Introducing software fuzzing – part of AI and ML in DevOps
Justin Reock, Chief Architect for OpenLogic at Perforce Software, describes what is software fuzzing and why it is needed. Justin is the author on a chapter about fuzzing in a new book from Perforce Software: “Accelerating Software Quality: Machine Learning & Artificial Intelligence in the Age of DevOps”.
The lines between the real world and the digital world have been consistently blurring for years, and with that, software has bloomed. Physicists are hypothesizing that information can be considered a form of matter, the fifth form of matter in fact.
More and more, software is linked to the quality of our lives. That means the quality of our software will fundamentally direct the quality of our experience, so there’s never been a more important time to seek out ways to improve our DevOps. One of the tools that helps us explore that is ML.

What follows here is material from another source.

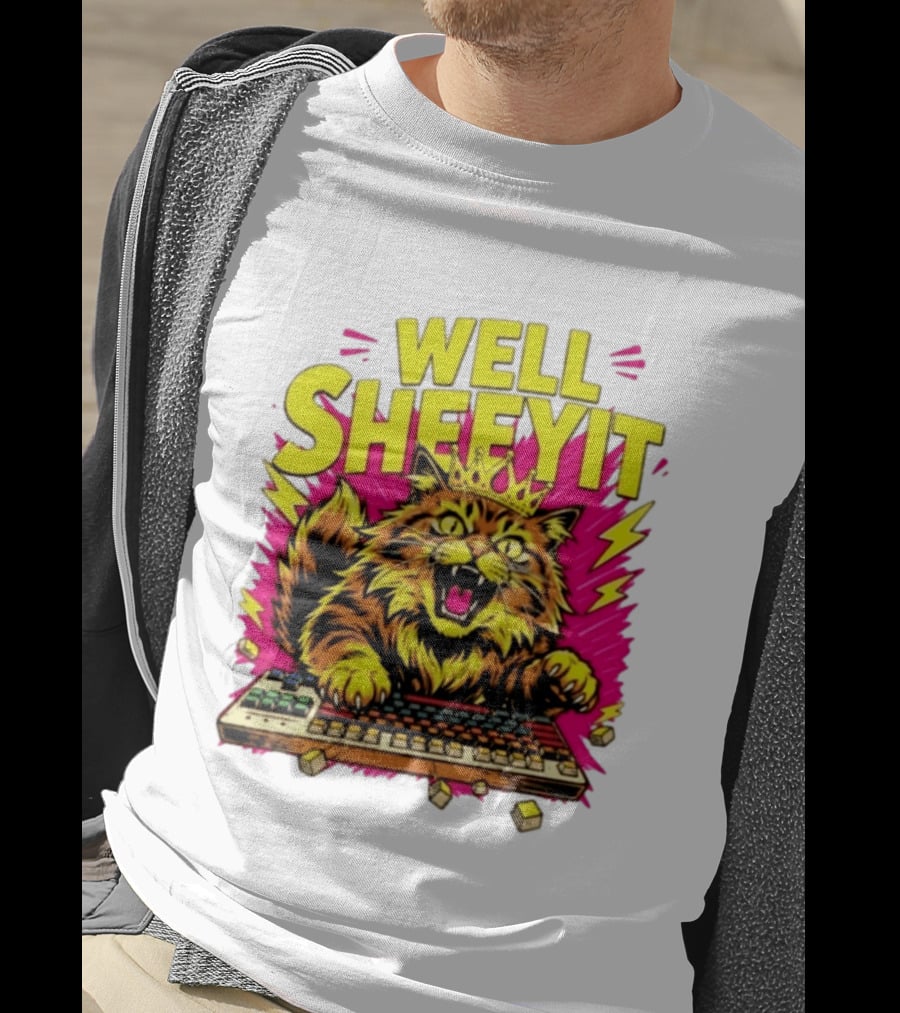 Well Sheeyit Crowned Cat Typing On Keyboard T-Shirt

This isn’t just about having to reboot your phone when an app freezes. While that’s certainly a software quality issue that causes you a minor annoyance, it doesn’t impact your safety (unless you happen to be driving and if so – shame on you!) or access to services. As our technology inevitably fades into the background, the software reacting to us will be our literal backdrop, the infrastructure that moves us around, helps us communicate, and lets us work and collaborate.

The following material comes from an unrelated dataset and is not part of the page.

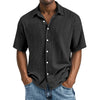 Crinkle Textured Cotton Button-Up Shirt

If we are living in a software world, and we want to live in a high-quality world, then we need high-quality software testing. We need that testing to stand up to the future, and that means greatly increasing the velocity of our testing frameworks. Although we can get far with human-driven testing, and augment that with things like static code analysis, at scale it becomes more and more difficult to eliminate tester bias from the pool of test cases.
Thinking about the true purpose of software testing, what are we trying to achieve? At the most granular level, we are trying to take the software down as many code execution paths as possible, and we are monitoring the behavior of the application to see how it behaves along those paths. Do we get the output we are expecting? Does the application crash? Can we manipulate the application to show us data that we shouldn’t be able to see?
Understanding that, the problem of tester bias becomes very clear. Human cognition will simply run into limits as we try to analyze source code to think about different ways to break the software. And even if we could think of all the different paths the logic can take, how much time would we need to invest doing that? At the rate at which the software that builds our world is growing, how can we expect to keep pace with this kind of analysis?
This is a well-known problem, and many approaches have formed out of a will to eliminate as much as possible the bias of the human tester. One of those approaches is the notion of software fuzzing. With fuzzing, the goal is to take the software down unexpected paths by hammering it with random, unexpected input. The state of the program is captured and analyzed, and if the software reacts in a way that wasn’t intended by the developer, the input is said to have triggered an “interesting state” (Section 2).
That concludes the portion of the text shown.